NPC helps Andean bears
This week NPC took part in a planning session for the creation of a conservation corredor for the conservation of Andean Bears. The meeting, which took place in Chiclayo, involved experts on conservation and ecology of Andean bears as well as represenatives from regional governments throughout the north of Peru. The corredor will help connect fragmented forests in the departments of Amazonas, San Martin, lambayeque, Piura and Cajamarca. We will continue with this project as much of the bear habitat in these regions are also home to many primate species, including Peru's three endemic species and the focus of our conservation efforts.
Local conservation workshop in San Martin
On the 13-14th of November we took part in a workshop of local conservation initiators in San Martin, organized by the Regional Government and NGO's.
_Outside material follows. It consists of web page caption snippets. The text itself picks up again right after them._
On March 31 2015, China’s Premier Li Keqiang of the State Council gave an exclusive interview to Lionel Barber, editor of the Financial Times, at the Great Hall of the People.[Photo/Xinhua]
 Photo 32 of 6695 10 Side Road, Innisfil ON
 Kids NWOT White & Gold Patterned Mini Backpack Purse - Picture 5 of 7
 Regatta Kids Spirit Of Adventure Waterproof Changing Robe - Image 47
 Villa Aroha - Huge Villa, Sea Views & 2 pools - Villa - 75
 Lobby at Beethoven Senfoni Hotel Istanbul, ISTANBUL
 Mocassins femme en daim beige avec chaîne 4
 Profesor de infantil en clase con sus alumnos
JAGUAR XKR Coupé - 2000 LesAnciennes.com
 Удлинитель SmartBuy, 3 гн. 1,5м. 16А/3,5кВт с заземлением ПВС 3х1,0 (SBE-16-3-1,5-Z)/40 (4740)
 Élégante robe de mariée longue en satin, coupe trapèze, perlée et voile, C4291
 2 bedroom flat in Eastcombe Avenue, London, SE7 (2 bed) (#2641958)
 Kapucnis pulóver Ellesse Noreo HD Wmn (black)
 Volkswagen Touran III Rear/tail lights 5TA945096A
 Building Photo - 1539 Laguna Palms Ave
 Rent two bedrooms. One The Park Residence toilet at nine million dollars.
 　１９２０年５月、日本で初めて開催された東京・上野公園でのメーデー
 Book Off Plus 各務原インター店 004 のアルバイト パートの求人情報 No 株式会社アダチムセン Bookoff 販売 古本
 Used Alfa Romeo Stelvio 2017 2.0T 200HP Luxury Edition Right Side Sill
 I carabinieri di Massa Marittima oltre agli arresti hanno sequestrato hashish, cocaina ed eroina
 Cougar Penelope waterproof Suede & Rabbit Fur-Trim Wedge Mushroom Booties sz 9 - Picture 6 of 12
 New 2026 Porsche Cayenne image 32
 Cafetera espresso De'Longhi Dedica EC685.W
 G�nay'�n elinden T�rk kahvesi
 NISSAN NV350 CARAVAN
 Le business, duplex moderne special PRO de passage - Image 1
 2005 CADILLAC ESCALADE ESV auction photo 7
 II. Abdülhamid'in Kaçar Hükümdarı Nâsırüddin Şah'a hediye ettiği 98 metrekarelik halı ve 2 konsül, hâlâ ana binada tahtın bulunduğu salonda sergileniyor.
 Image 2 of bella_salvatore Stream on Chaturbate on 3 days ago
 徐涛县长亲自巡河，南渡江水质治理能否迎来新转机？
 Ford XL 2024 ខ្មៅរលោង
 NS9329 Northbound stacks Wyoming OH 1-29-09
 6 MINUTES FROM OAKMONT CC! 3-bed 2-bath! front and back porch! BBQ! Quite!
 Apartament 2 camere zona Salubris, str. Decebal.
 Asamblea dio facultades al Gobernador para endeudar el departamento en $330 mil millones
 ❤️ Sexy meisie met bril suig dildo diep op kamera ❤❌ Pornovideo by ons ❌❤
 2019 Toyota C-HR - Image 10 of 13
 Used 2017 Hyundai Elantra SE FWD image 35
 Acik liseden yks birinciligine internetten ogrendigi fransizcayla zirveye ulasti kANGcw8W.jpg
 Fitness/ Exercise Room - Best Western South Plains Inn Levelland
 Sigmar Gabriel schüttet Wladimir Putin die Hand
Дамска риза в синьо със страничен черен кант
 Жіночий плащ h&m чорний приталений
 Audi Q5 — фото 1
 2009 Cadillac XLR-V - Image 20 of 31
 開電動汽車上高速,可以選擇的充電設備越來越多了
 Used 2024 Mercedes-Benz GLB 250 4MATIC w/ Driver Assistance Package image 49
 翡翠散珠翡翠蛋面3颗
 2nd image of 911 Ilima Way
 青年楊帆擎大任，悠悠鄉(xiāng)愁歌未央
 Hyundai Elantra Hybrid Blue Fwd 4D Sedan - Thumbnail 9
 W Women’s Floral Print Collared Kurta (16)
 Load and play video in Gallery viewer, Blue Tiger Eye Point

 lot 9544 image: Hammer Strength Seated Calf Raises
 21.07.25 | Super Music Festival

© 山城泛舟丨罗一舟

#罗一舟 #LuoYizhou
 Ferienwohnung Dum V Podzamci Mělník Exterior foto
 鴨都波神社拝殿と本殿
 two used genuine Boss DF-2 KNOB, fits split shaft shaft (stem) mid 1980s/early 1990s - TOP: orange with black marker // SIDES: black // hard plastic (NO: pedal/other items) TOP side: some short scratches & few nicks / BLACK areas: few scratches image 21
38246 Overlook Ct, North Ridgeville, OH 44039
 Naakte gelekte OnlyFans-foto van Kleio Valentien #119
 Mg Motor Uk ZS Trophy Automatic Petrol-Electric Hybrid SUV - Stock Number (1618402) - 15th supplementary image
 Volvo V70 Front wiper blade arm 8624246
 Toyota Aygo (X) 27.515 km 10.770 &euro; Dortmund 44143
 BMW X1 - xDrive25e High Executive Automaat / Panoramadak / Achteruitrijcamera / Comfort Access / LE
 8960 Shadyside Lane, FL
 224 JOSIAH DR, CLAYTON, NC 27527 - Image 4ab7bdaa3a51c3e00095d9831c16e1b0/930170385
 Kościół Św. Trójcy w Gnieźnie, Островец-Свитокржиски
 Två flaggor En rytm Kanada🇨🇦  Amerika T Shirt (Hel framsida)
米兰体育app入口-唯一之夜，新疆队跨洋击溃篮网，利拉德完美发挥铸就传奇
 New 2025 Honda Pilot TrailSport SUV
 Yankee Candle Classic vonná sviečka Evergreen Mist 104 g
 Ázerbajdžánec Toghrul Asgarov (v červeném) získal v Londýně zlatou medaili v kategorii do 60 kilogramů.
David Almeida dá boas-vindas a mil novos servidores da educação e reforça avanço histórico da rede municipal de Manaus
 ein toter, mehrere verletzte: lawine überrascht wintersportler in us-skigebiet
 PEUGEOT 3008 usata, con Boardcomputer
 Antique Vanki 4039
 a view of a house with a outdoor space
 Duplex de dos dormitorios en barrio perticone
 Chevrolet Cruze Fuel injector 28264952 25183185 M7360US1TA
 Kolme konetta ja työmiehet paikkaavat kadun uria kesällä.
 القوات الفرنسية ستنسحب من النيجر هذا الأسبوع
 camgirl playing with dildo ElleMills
During the event representatives from local groups shared experiences, demonstrated their advances, learnt about their rights and obligations and had the chance to exhibit and sell environmentally friendly products. Also, as part of the event, three Conservation Concessions we have worked on, together with the communities (Shitariyacu, Tres Quebradas and Sun angel's Gardens), signed their official contracts with the regional government for the administration of each area. The signing of these contracts is one of the last and the most important steps in the formal registration process.